Tuesday, March 14, 2006

Dear Father..

Dear Heavenly Father,

It has been more than 7 months, August 05, since we left our church of 14 years. I do not sleep well most of the time. The church was small but we genuinely loved everyone. We do not seem to be greatly missed. The Pastor made it a point to call me two times since we left - the last time being September 05. We hardly have heard from anyone.

I feel isolated and alone. I know You are with us, and I ever look to you. You know my heart better than myself, and my trust is ever in You. You are God and there is no other. I need to know where we belong.

While I have answered freely anyone who has asked I have not sought out people to speak to about the place we left, nor volunteered the several reasons behind our leaving. I spoke with two couples in my band. Only when asked directly about it have I spoken to anyone else, although I have been spoken about, and publicly referenced on their website - a website that I established.
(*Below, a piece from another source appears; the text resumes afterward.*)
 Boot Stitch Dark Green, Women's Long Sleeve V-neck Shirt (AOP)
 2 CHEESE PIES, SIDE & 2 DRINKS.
I was not mentioned by name, but those who read understood as did that I was being referenced, and inferred as having been "purged" from the church.

It is hard O God to begin again. I feel guilty for having stayed as long as we did when it is so evident that we have not belonged for several years now. Leaving has been good for our 16 year old. There was no youth group for him where we were, nor was he included in anything. Even when the other two or three teenagers at church were mentioned his name was noticeably left out. It hurt him, and us. Our son seems to have found his niche in the large church we have been visiting for several months as the youth group has welcomed him with open arms. He has been blossoming there as he has seen other people his age loving You, and it has blessed us to see it.

Our daughter is having a more difficult time. She enjoys the classes where we are, and the friends she has made, but the church we left was all she has known since birth. She misses it, even though she tries to understand that daddy had to leave it.

My wife would have had us leave 3 years ago, and I should have listened to her. The church had already been changing for a year at that time. Not changing in method, but changing in what I believe were core beliefs. From that time on I was on the outside. I resigned a leadership position because I did not want to be hypocritical. I did not think I should be in leadership if I did not believe in the direction the leadership was taking. I told myself I would just be a laymen with a different opinion on some things, but still support the church I loved where I could. Sadly I was included less and less until I knew nothing that was going on, nor did I feel particularly welcomed. The past several months, and the un-named reference to me on the website, have shown how little we have been missed.

So here we are without family nearby, and just a few of the dearest friends for which I am thankful. My wife and I came to the conclusion that if we are ever going to know anyone at the large church we have been visiting we would have to start attending some Sunday School classes, and we have been to three. While we don't know anyone the folks seem friendly enough. It is hard to feel so alone, and I am so thankful for the band - an oasis of normality for me.

I just wanted you to know that I trust you Father, and I love you. I know that you love me. You see not only these things, but the other trials - personal, financial, etc - that we are going through as well. Make me a better husband, and a better dad. Let me know your presence in every turn of life. Thank you for my family, and our few but dear friends. Thank you that we are clothed and fed.

Hold me O God when it is cold outside.